Wednesday, December 28, 2011

Breakfast Review - Cocomo

It is sad when you have more breakfast reviews during your holiday than exciting adventurous stuff, but it seems like my luck has run out where the weather is concerned. I was actually on my way for another Wilderness paragliding session when I stopped at the Cocomo Restaurant for breakfast. Not that I really needed food, I have been stuffing my face since I arrived in Mossel Bay and promised myself the day before (Xmas Day), that I will NOT eat anymore until New Year. But, when you are hungry I guess your stomach doesn't want to hear that.

The Cocomo Restaurant is actually a cocktail bar and not a restaurant. Breakfasts are therefor not their speciality, but when my wife ran in and came back with the news that kiddies have their own menu and do not have to pay R55 for the "Breakfast Buffet" which was advertised outside, we decided to give it a try. At my age I am not particularly fond of buffet meals, because I don't eat that much anymore. When I compared that to what a breakfast cost me at Delfino's a couple of days earlier, I thought it was a bargain.

I was a bit disappointment when I saw the "buffet". It didn't look much different than the breakfast I usually get from some of the less-fancy hotels that I have stayed in on my trips to Africa. The only difference was that it was "eat-as-much-as-you-like", but unfortunately for me I was not going to overdo it again. I had cereal, yogurt and muesli and some fruit before I dished up the part which I usually call "breakfast"...bacon and eggs. My son had a breakfast called the "R10 Brekkie" which consisted of one egg, some bacon and a slice of toast. All for ten rand of course, and probably what I should've had instead of stuffing myself even further. Even though I was hungry I was not really starved, so I think I wasted my money on what looked like a bargain. If you are really, then o for it.

I have to admit that even though the buffet did not look that impressive, the food really tasted good. More like the bacon and eggs I make for myself at home. If I was really hungry I am sure this would be a very good place to have a breakfast, and seeing that it is on the way to the launch site at Wilderness, not a bad place to stop and hook up with fellow pilots before the day's flying start. After a day's flying one can always come in for a cocktail afterwards. The rest of my day unfortunately did not go as planned. The wind never changed direction and the launch site was covered in fog. We eventually turned around with a full stomach and nothing else to rave about. But, I am glad I visited the place. Definitely worth wile to check out of you want a breakfast and you are really hungry....or go for the "R10 Brekkie", definitely a bargain.
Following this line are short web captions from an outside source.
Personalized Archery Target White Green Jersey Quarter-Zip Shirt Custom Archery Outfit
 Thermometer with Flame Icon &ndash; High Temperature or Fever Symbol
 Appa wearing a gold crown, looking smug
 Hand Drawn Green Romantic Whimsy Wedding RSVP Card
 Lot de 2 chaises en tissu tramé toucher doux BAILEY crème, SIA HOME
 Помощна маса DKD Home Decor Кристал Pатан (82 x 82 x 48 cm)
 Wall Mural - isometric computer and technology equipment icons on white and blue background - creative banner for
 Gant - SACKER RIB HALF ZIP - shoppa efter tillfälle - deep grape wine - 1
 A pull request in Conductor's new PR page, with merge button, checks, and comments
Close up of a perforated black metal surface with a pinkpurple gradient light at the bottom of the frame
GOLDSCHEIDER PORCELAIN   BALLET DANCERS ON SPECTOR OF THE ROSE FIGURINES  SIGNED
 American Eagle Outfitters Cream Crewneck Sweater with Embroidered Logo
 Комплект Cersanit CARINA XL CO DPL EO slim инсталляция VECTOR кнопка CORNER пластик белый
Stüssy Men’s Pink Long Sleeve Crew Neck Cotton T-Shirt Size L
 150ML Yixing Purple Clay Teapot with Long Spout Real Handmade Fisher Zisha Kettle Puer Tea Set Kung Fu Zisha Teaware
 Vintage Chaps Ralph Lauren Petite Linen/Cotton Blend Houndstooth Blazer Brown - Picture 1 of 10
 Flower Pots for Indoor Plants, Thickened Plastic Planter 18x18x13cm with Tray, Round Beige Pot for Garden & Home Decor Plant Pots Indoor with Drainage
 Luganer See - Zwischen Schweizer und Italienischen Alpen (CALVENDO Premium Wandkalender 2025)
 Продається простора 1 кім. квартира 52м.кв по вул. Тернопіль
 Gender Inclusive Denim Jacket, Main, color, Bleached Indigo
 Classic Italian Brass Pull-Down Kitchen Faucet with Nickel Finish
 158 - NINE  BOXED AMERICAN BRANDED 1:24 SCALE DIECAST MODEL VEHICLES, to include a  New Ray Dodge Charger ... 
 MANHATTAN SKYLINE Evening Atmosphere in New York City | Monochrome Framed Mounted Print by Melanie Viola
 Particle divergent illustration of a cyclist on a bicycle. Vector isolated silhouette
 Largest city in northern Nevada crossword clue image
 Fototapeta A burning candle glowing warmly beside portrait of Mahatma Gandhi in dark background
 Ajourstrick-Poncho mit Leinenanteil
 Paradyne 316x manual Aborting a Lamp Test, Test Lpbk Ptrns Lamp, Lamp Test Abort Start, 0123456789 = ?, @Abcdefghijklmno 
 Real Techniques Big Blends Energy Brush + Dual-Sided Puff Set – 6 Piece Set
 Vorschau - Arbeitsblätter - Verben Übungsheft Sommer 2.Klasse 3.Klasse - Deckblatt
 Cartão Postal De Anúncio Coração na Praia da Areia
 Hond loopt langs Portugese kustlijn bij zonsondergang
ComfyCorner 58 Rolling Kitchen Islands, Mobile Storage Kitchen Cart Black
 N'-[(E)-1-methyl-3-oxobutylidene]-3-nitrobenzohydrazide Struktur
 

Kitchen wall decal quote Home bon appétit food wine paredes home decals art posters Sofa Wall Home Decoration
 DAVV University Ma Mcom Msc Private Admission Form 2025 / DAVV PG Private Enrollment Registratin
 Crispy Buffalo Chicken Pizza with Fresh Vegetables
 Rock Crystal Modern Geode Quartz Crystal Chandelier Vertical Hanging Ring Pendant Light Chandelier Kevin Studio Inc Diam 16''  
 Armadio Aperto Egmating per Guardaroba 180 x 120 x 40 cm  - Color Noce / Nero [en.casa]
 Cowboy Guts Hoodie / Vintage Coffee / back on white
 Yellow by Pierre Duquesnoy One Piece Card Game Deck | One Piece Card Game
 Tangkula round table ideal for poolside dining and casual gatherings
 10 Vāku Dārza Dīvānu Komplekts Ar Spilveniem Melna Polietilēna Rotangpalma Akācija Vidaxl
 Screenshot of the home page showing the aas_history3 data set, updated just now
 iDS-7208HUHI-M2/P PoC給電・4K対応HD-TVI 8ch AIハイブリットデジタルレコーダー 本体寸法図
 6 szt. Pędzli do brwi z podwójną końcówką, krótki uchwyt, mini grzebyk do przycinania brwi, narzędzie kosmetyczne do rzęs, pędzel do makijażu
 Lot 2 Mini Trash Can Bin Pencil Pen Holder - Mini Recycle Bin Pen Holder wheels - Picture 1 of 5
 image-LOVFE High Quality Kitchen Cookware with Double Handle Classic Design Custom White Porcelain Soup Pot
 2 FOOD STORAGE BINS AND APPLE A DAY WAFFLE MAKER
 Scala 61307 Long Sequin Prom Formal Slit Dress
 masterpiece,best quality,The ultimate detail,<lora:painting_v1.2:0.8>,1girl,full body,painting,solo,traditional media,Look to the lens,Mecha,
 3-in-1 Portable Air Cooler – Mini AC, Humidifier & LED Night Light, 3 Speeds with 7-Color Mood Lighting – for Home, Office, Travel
Maybe you can have two....

Friday, December 23, 2011

Wilderness Unexpected

Important Information
Don't you just love it when you start a day not expecting much and then events take it in a complete different direction and at the end of the day you just feel totally stoked about the way it turned out? I got up this morning and the plan was to go get my son some Lego blocks at the George Mall to keep himself busy when the vacation gets too long for him. Not much of an expectation. Now if you have ever been in the Southern Cape over Xmas time, then you know that a shopping mall is NOT the place where you want to find yourself days before Xmas. The idea was to drive to one of the entrances, drop my wife and then pick her up a few minutes later. I knew we were heading in the direction of Wilderness, which is a few kilometres further on the N2, but I never expected to see it today as the hope of getting the shopping done in a reasonable time didn't cross my mind.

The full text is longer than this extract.